Wednesday, October 3, 2012


On a regular basis, those in a monastery have the Sacrament of Reconciliation made available to them.  We who live in the world, however, have to take an extra step toward receiving such a privilege.  As a general rule, we must go TO where this is being offered. 

Perhaps we can think of it as mortification in advance.  

Our Sisters in a monastery, meanwhile, have a scheduled time when a priest comes to them.  In our "monastic day," perhaps that time can be right now.

In thinking of this, I decided to re-post (with a bit of minor editing) something I wrote on this subject for the Breadbox Letters blog this past Lent...

“When you want to write on a blackboard," wrote Charles de Foucauld, "you must first wipe off what is written there.”  

Several things occur to me as I read this.  First of all:  chalk is not permanent.  Nor are my sins.  Once the “board” has been erased, the original mistakes can no longer be read. 

Second:  a blackboard cannot be erased unless something is done.  Someone has to actually take action and clean the board.

Third:  a chalkboard eraser is not a steel wool pad.  It is soft.  It’s made to clean the board, not harm it.  If a blackboard could feel, I doubt it would cry “ouch.”

“God,” wrote St.

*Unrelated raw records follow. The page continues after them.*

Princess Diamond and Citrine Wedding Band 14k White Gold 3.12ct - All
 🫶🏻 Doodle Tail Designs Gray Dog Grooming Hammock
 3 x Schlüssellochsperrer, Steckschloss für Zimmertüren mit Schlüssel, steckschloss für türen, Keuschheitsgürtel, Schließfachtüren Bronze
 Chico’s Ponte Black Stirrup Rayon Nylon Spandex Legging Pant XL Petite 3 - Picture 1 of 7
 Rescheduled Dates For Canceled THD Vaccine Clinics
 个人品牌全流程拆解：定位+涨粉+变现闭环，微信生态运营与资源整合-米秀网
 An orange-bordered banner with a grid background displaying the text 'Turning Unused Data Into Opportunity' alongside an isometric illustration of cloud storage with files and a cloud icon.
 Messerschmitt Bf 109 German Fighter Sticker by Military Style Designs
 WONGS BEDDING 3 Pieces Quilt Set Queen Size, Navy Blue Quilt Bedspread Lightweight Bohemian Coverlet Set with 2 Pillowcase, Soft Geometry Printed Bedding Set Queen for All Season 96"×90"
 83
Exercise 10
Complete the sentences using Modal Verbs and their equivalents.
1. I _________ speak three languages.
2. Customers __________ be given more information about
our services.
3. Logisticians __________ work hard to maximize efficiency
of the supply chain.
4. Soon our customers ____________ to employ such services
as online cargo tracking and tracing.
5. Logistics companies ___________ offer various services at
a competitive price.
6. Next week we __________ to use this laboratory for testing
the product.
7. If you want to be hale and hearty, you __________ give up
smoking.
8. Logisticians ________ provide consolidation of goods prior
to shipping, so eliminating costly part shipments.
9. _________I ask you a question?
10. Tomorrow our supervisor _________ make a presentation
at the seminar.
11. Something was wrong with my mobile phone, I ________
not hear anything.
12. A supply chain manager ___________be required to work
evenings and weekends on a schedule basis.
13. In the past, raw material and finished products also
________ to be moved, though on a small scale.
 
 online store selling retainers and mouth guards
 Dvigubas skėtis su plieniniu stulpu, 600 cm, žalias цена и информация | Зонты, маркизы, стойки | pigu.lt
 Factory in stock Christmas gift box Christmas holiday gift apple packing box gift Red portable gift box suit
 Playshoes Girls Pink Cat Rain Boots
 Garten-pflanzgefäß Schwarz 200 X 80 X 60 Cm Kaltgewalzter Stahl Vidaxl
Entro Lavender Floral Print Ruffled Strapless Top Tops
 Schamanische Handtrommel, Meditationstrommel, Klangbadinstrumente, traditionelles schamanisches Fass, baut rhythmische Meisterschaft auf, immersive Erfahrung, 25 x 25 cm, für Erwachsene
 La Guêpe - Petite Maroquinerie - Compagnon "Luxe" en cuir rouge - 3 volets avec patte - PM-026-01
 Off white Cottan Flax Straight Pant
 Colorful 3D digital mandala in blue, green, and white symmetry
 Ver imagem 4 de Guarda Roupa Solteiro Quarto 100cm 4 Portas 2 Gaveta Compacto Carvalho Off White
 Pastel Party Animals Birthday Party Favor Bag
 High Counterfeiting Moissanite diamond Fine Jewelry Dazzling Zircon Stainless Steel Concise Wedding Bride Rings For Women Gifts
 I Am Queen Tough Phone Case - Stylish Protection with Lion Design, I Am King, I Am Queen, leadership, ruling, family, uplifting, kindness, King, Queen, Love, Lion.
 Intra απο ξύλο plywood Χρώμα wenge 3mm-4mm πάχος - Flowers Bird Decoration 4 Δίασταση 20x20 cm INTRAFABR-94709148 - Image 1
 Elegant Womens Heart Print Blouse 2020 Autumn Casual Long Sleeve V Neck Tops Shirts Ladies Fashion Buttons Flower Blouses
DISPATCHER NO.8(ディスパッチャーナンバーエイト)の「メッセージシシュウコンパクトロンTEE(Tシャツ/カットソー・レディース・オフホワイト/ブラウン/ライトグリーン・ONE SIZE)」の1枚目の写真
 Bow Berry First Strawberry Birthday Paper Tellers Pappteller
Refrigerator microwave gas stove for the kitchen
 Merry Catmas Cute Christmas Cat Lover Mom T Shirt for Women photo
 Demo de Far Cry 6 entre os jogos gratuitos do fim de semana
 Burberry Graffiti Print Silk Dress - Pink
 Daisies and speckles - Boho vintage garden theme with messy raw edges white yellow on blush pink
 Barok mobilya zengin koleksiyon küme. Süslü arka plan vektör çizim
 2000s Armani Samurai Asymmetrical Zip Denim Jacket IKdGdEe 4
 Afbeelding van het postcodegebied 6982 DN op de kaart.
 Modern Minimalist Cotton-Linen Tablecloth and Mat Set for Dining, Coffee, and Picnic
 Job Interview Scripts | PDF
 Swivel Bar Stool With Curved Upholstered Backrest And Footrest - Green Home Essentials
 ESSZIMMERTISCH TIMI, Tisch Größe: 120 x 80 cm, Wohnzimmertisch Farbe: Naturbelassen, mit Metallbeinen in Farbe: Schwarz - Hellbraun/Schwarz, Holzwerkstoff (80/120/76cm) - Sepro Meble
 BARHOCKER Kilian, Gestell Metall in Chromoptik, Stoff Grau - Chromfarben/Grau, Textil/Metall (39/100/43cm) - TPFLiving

Gregory the Great, “scourges our faults with strokes of love, to cleanse us from our iniquities.” 

Strokes of love.  Not lashes, but strokes of love.

Jesus wants to erase every one of my sins.  He knows I cannot do it on my own.  He has given the Sacrament of Reconciliation as a loving, healing Eraser.  I pray for the grace to “confess my sins, do penance, and amend my life."  May Our Lord write what HE wants on my life; may He make it totally His own.